For this week’s assignment, from Dewbreaker, I read The Book of the Dead, and Seven. These short stories convey the world and lives of fictitious Haitian-American characters.  
In The Book of the Dead, we read and discussed it in class, but I will briefly go over it here. In the story, a female sculptor and her father are traveling from New York City to Florida. The father, and the sculptor’s mother, both came from Haiti before moving to the States. Already here we have three very different “worlds.” The sculptor is American, but by blood she is full Haitian. We see her struggle with this in the story. We see this when the police office asks where she and her father are from.
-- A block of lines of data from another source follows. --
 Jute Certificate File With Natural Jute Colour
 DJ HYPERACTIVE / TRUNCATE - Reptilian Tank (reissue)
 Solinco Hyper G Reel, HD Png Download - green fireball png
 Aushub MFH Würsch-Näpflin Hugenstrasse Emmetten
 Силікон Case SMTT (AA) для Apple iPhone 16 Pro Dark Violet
She answers, “Haiti,” though she was born and raised in Brooklyn and has never been to Haiti. It is easier for her to tell the officer this, and but she confesses to herself that it is something she has longed to have in common with her parents. She isn’t apart of the “Haitian world” so much because her parents have let go of their past to “start over” in the States. She knows very little about Haiti and the culture her parents had once belonged to. The father takes great interest in Ancient Egyptian culture and beliefs, and adopts many of those beliefs. We see this a lot in the end, when the sculptor and her father are discussing her name, Ka. Her name is from Egyptian mythology, and is an example of how he has abandoned his past beliefs and adopted new ones. A theme that is conveyed in this story is very much about fitting into a culture.
In addition to The Book of the Dead, I also read Seven. Seven is a charming tale of two lovers who have waited seven years to be together again. The man in the story moved from Port-Au-Prince to New York City, got a green card that took six years and eleven months to get, then sent for his wife to move to the big city. Similar to the Book of the Dead, the characters in this story left Haiti to start a new life in the States. In both, the characters moved to New York City.
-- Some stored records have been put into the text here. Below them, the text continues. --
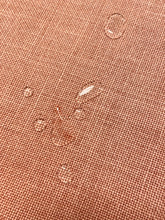 Load image into Gallery viewer, Designer Heavy Duty Belgian Linen Mauve Water &amp; Stain Resistant Upholstery Fabric WHS 4387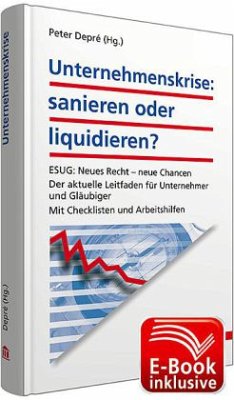 Cover Unternehmenskrise: Sanieren oder Liquidieren?
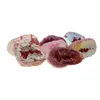 Geoda Cuart electroplacat roz, 50-60mm, imagine 2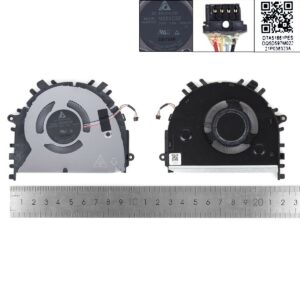 VENTOINHA PARA PORTÁTIL HUAWEI HONOR D WFQ9 NBL-WAQ9R WAQ9RP WAQ9HNR KLVC-WAH9L NBB-WAE9P NBR-WA19 NBL-WAH9HNP EG70040S1-C11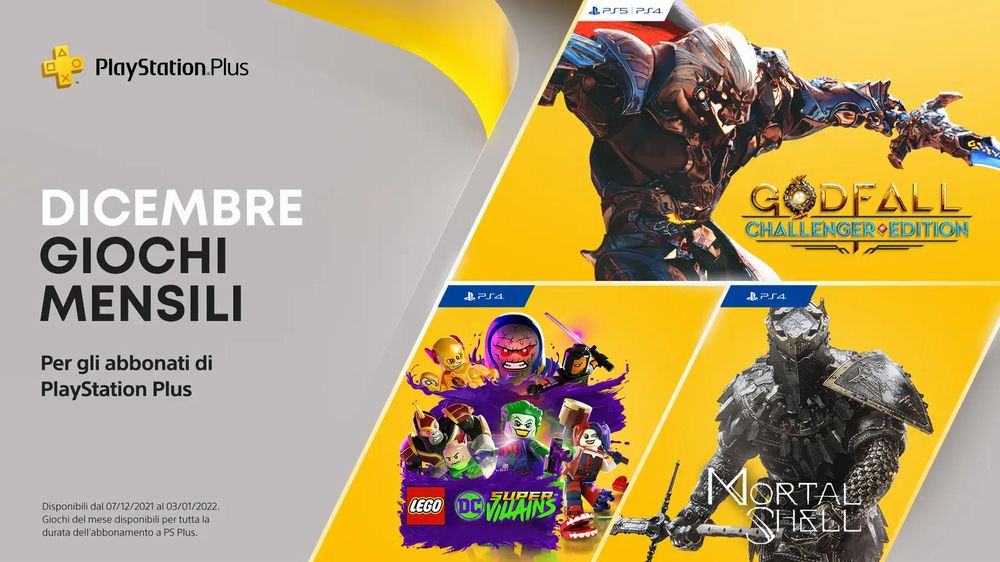 Giochi plus di dicembre 2021 Giochi plus di dicembre 2021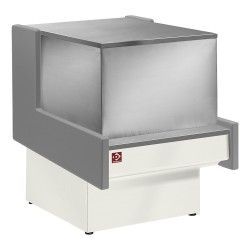 Elément caisse 700 mm - GRIS/BLANC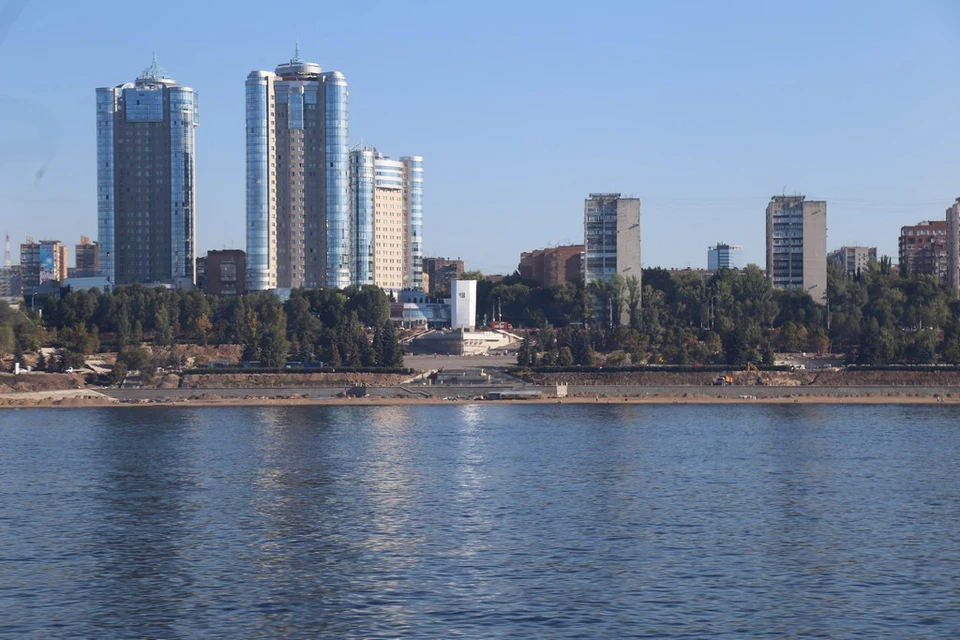 Купаться в Волге сейчас не стоит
The primary features of his world, spatially, is his apartment building. Most of the story takes place in his apartment, and we see that from the perspective of the narrator following the man first. Then we see the apartment from the narrator’s view of the woman, as she spends her days there while he is at work. She fell into a routine of waking up each morning, listened to the Haitian radio stations, cooked, and wrote letters to her friends and family back home. She is in a new world and is still holding on to her culture and her life back home. In the world of the apartment, one day when he gets home from work she had cooked dinner for him and his two other male roommates. The apartment then felt like a family,with this sense of unity, as they all spoke and ate together.
Besides from when she first gets off the plane and leaves the JFK airport, the only time when she experiences the new world is on the weekends when he doesn’t have work. He is afraid that she shouldn’t leave the apartment and wander, for the fear of her getting lost, and struggling with her lack of English. So he takes her out that weekend and she catches a glimpse of the new world she is in. They take the bus and go to the park. At the end of the day on the way home, they are both thinking about Carnival, and how they dressed as a bride and groom and wandered the streets looking for someone to marry them. This belief of the Haitians is a tradition to the carnival celebration. The story ends with her thinking about what if they were to do that in this new world.
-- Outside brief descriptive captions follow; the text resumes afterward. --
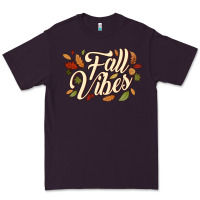 Plum fall vibes Premium Tee - JahusDesignShop
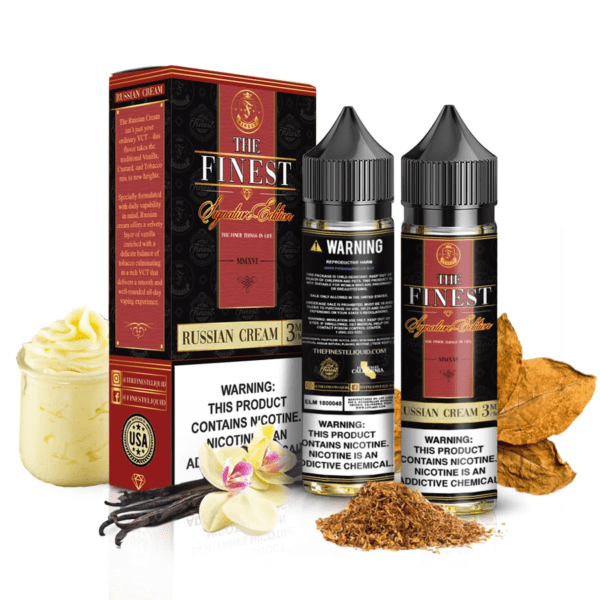 Russian Cream - The Finest | 60ml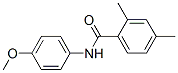 Benzamide, n-(4-methoxyphenyl)-2,4-dimethyl-(9ci) Structure,673443-85-1Structure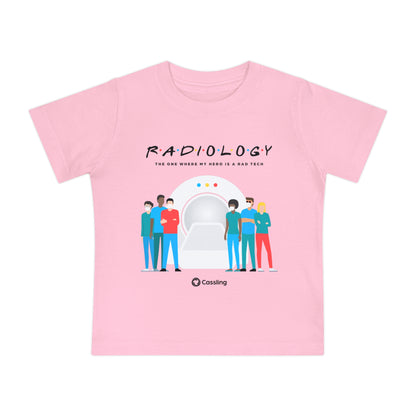 R·A·D·I·O·L·O·G·Y Baby Short Sleeve T-Shirt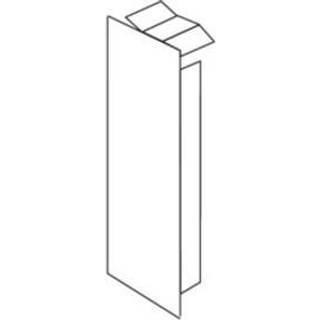 Wexøe Endestykke hf flex lf30045 ral 9016
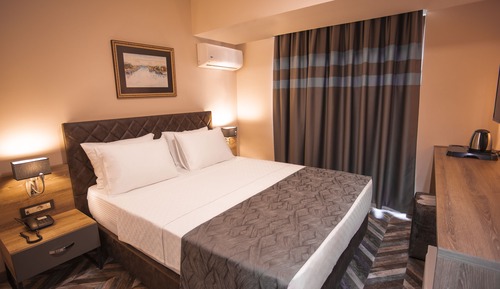 Standard Double Room, City View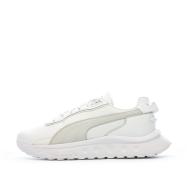 Baskets Blanches Homme Puma Wild Rider Grip pas cher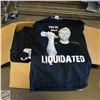 Image 1 : CASE OF BLACK TSHIRTS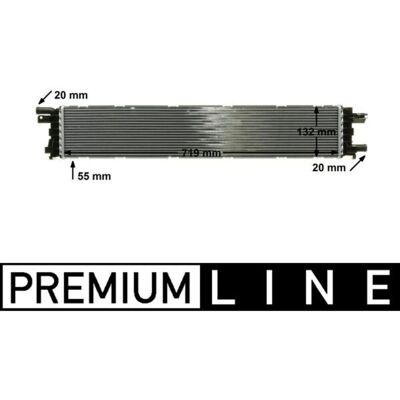 Radiateur basse température, intercooler MAHLE CIR 12 000P Radiateur basse température, intercooler MAHLE CIR 12 000P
To describe and convey the world to us, the creator doesn’t just tell us about the world, but describes it through actions. In the beginning, the man asked his landlord if his wife could stay. The landlord, being a wealthier caucasian woman, said yes, but “I just hope she’s clean.” I realized the landlord said this because the wife is coming from a foreign country. This scene shows the culture and beliefs of the time that characterize the world.